Reduce Time to Hire under revDSG and GDPR: where to start
Not every automation pays out equally, and not every one carries the same compliance profile. An honest priority list looks like this:
| Task | Automation effort | Time recovered | Art. 22 risk |
|---|---|---|---|
| 2. Dossier | Medium | Very high | Low |
| 4. Interview protocol | Low | High | Low |
| 5. Client briefing | Low | Medium | Low |
| 1. CV screening | High | High | Medium |
| 3. Matching / scoring | High | High | High |
Start with Task 2 (dossier). The recovered time is the cleanest and the compliance risk is minimal: formatting a document is not a legal decision.
Task 4 (interview prep) follows. Quick to implement, little legal risk, and the quality gain from calibration is real.
Tasks 1 (screening) and 3 (matching) last, and only with a human gate. Sliding from pre-filtering into deciding without "meaningful human involvement" under GDPR Art. 22 risks more than the time it saves.
On top of that sits data residency: revDSG Art. 6 requires adequate protection of personal data. If you run candidate data through a US-hosted AI, you have to document the processor, the sub-processors, and the transfer basis. Starting on Swiss infrastructure is simpler. That means Swiss hosting and AI inference in a Swiss cloud region. Details on the Wield architecture at /#trust.

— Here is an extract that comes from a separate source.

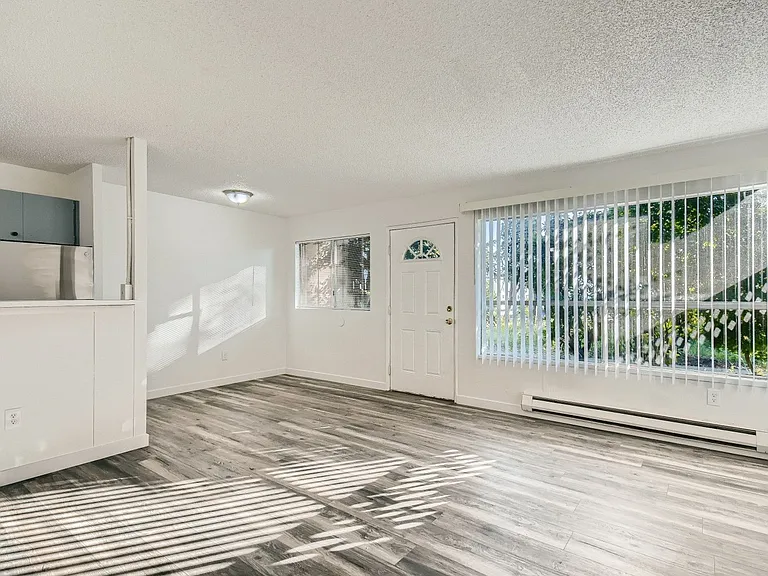 Vashon Vue — Photo 2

How to measure Time to Hire in your own week
Before buying any tool, spend a week measuring. Three steps:
- Log hours by task type. For one week, assign every 30-minute block to one of seven categories (sourcing, screening, dossier, interview prep, interview, briefing, admin). Excel is enough.
- Billable check. Mark each block as covered by the fee or not. The non-billable share is the target.
- Set priorities. The task with the highest non-billable share and the lowest Art. 22 risk gets automated first. In most Swiss boutiques that is Task 2, not Task 1.
The exercise takes one week and shows where the money actually goes. No tool-evaluation process replaces this step.
Where these fixes don't land
Every automation has a customer segment where it does not carry:
- Executive search. A CEO mandate is hand-curated by definition. Templates help the assistant, not the partner.
- High share of handwritten CVs. Construction, hospitality, parts of healthcare still deliver paper regularly. Extraction tools top out around 70 % here; the rest stays manual.
- Regulated sectors with on-prem requirements. If the client requires candidate data to stay in their own infrastructure only, cloud SaaS usually drops out.
- One-shot mandates with exotic client templates. The first dossier in a brand-new layout is faster by hand. Setup pays off from the second one onward.
If you sit in one of those four camps, keep automation to the non-critical tasks and stay honest about the critical ones.
What Wield ships that helps
Wield covers the five tasks from a Swiss workspace: extraction from PDF, DOCX and scanned documents, JD-to-CV matching with embeddings, schema-first dossier generation including anonymisation, structured interview protocols, and bundled share links for the client briefing. Hosting runs at Infomaniak in Geneva, AI inference on Vertex AI in the Europe-West6 region (Zurich). Audit trail, tenant isolation, and deletion workflows are wired end to end.
Product overview: /#product. Pricing for boutique and team sizes: /#pricing.
Closing
To reduce Time to Hire is not to replace the consulting work. It is to take the ten non-billable hours per week out of the workflow that nobody pays for as consulting. Start with Task 2 and work upward from there, and you recover time without picking up a GDPR problem.